In making preemption determinations under 49 U.S.C. 5125(d), RSPA
is guided by the principles and policy set forth in Executive Order No.
12,612, entitled ``Federalism'' (52 FR 41685, Oct. 30, 1987). Section
4(a) of that Executive Order authorizes preemption of State laws only
when a statute contains an express preemption provision, there is other
firm and palpable evidence of Congressional intent to preempt, or the
exercise of State authority directly conflicts with the exercise of
Federal authority.
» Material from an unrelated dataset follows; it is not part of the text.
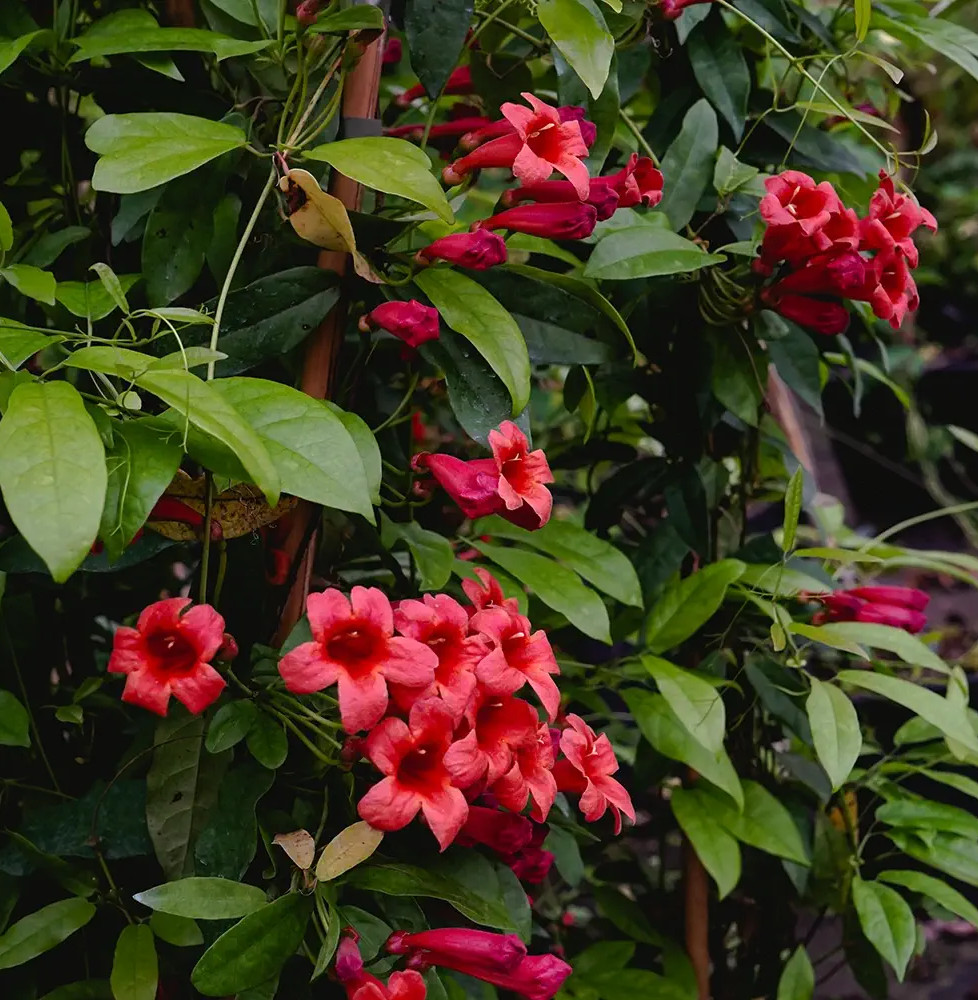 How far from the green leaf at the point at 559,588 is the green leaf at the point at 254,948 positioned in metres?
0.33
Section 5125 contains express preemption provisions,
which RSPA has implemented through its regulations.
III. Public Comment
Comments should be limited to whether Federal hazardous material
transportation law preempts a requirement allegedly applied and
enforced by PUCO, after January 1, 1991, for the use of a DOT
specification cargo tank motor vehicle for the transportation of
hypochlorite solutions containing more than 5% and less than 16%
available chlorine. WECCO and TWC have not provided any evidence to
indicate that PUCO enforces different requirements for the design,
construction, and certification of MC 312 specification cargo tank
motor vehicles. In addition, allegations in the application relating to
PUCO's procedures for holding hearings and assessing penalties are not
subject to this proceeding.
Persons submitting comments should:
(1) Set forth in detail the manner in which PUCO applies and
enforces requirements for transportation of hypochlorite solution with
more than 5% but less than 16% available chlorine; and
(2) Specifically address whether PUCO has enforced a requirement
concerning the packing of a hazardous material that is ``not
substantively the same as'' the requirements in the HMR.
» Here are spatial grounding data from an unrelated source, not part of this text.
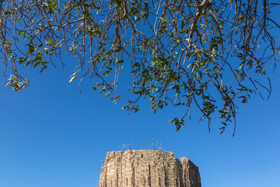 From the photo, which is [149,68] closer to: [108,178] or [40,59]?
[40,59]

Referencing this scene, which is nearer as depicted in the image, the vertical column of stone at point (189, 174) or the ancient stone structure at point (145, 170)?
the ancient stone structure at point (145, 170)

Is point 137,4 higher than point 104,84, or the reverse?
point 137,4

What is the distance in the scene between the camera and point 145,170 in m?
25.5

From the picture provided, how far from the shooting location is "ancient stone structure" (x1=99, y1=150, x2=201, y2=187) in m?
25.2

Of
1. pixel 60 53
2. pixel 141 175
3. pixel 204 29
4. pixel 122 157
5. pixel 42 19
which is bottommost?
pixel 60 53

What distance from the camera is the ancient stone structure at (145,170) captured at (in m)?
25.2

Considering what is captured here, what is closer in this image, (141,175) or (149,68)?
(149,68)

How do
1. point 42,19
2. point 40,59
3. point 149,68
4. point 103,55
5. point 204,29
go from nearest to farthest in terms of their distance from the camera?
point 40,59 < point 103,55 < point 149,68 < point 42,19 < point 204,29

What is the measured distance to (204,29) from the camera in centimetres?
599

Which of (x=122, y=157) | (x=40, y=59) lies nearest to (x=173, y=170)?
(x=122, y=157)

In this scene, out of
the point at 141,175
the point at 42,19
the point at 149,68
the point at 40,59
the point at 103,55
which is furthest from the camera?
the point at 141,175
Comments may also address the ``dual compliance'' and ``obstacle''
criteria described in Part II, above.
Persons intending to comment should review the standards and
procedures governing RSPA's consideration of applications for
preemption determinations, set forth at 49 CFR 107.201-107.211.
Issued in Washington, DC, on October 3, 1997.
Alan I. Roberts,
Associate Administrator for Hazardous Materials Safety.